Closed this issue 5 years ago · 4 comments

Hi,

Thanks for such a well structured code. I will apologize if my question is too naive or silly, but I am just getting started in the field of domain adaptation.

Looking at the function dataloaders_factory in the datasets/__init__.py file (lines 21to 41), it is clear that a subset (batch_size * 5 sized) of target unlabeled dataset is used as the validation set. This seems to violate machine learning 101 that you should never mix test set with train or validation sets (assuming target dataset is the test set). Am I missing something here?

Answer 1 · 2019-11-09T04:45:43.000Z

Hi, @ChigUr.
The question is very crucial. Thanks for asking.
First, this repository is not the same code that we used for experiments.
This code is simplified to help other researchers understand. Therefore, if you want to use this repository for your research, you maybe should modify the code appropriately.

The subset (batch_size * 5) that you asked is not the validation set. We made the code for the integration test, which means we wanted to test the components in the code (like loggers, factory, etc.) all together more fastly with the smaller train and test set. The args.test means testing the whole code, not testing the algorithm. That's why we sample a subset of the train set, too.

Answer 2 · 2019-11-09T17:53:18.000Z

@postBG Thank you for the quick response.

Thanks for the clarification. args.test makes more sense now.

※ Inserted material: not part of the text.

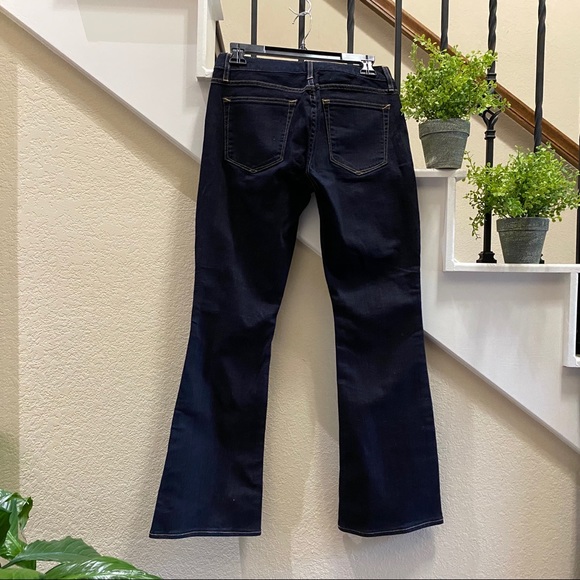 GAP - Curvy Dark Wash Jeans - Picture 4 of 14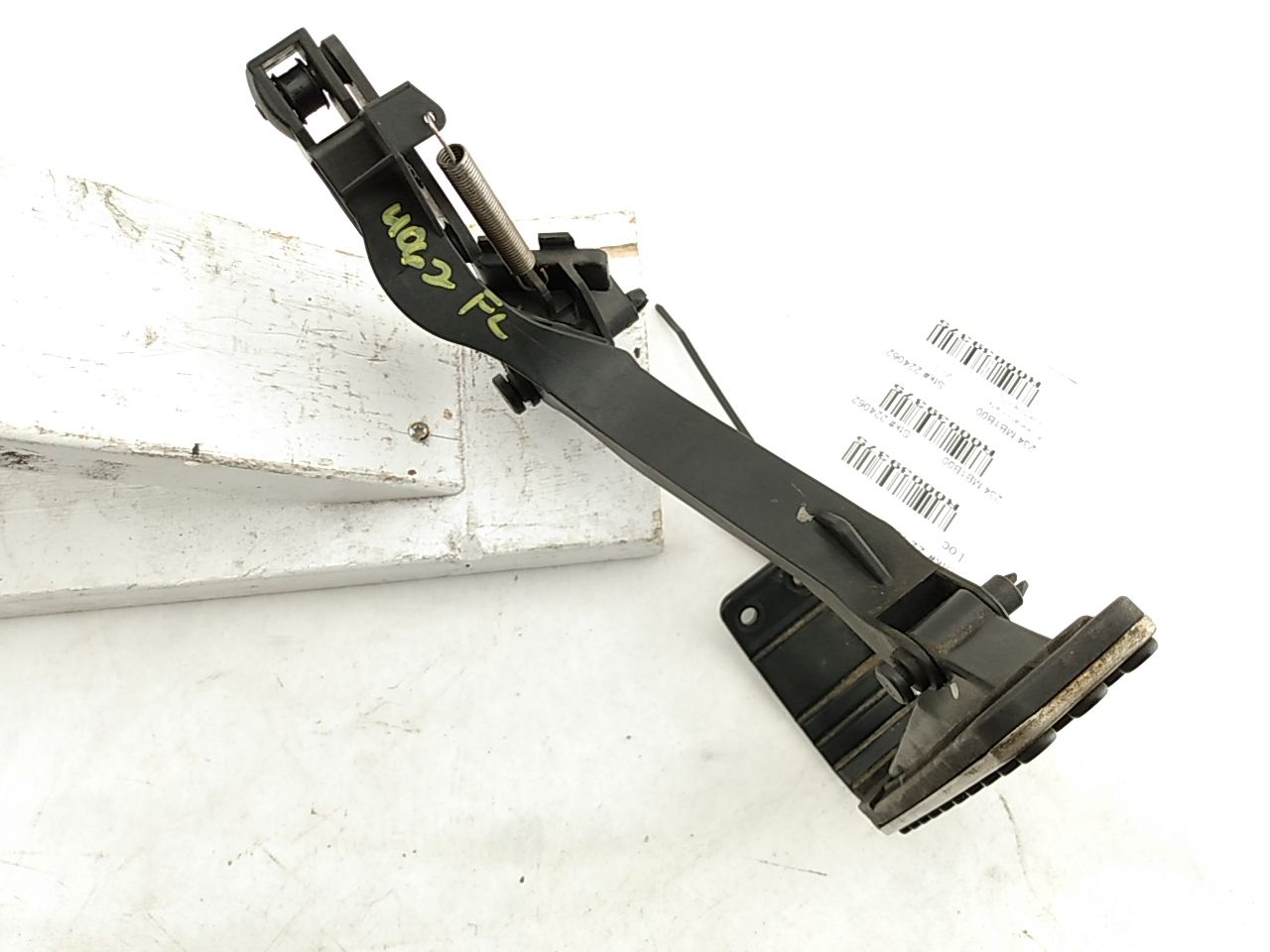 Mercedes SLK230 Gas Pedal Assembly - 0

Although you answered my question, I still haven't understood the crucial question of how validation is done in general in domain adaptation. All the papers I read don't mention it at all, and when I look at the code they provide[3][4] they just test on test set after a certain interval during training. Take your code, for example, testing is done after each training epoch[1] and target_accuracy is used to store the best model [2]. Also, when I try to reproduce the numbers listed in the paper, I find that the target_accuracy of the best model is the one closest to the reported number. As per your comment, this is done to simplify the code but then the question of how to pick the best model remains. And, this I haven't been able to figure out from reading papers or code.

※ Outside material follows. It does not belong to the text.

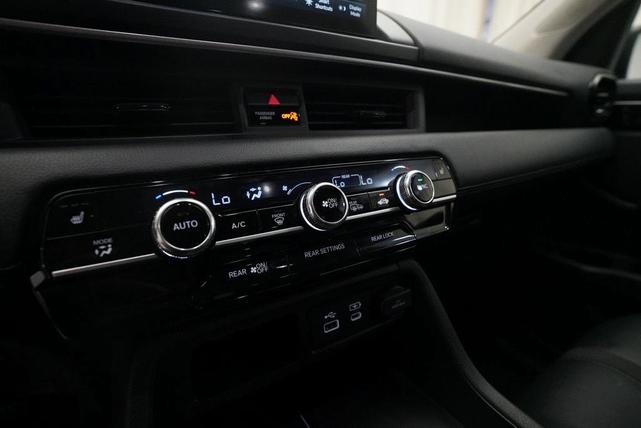 Photo of 2023 Crystal Black Pearl Honda Pilot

I am thoroughly confused at this point, and I really appreciate your help.

Answer 3 · 2019-11-11T05:14:02.000Z

Hi @ChigUr,
I'm one of the authors of DTA, and I'll be replying in lieu of my colleague.

As you mentioned, not many DA papers provide full details the validation/test procedure - which is why we were confused at first too. The issue is that on the VisDA-2017 dataset there are 3 domains - 1 source domain and two target domains - each named "train", "val", and "test" respectively. This is a little confusing, since the "val" and "test" domains are actually two different domains (datasets), not two splits of the same domain. The test domain in the VisDA-2017 dataset was used for competition purposes, and its ground truth labels were only released a couple months ago. Thus, we were not able to use it for research purposes.
To address the dataset issue, we follow the protocol used by DIRT-T where a small subset (5~10% of the target dataset) is sampled as the validation dataset to help hyper-parameter tuning. Note that the labels in this subset are used only to tune hyper-parameters and not in the actual training. For simplicity, however, we excluded this part of the code in the official implementation.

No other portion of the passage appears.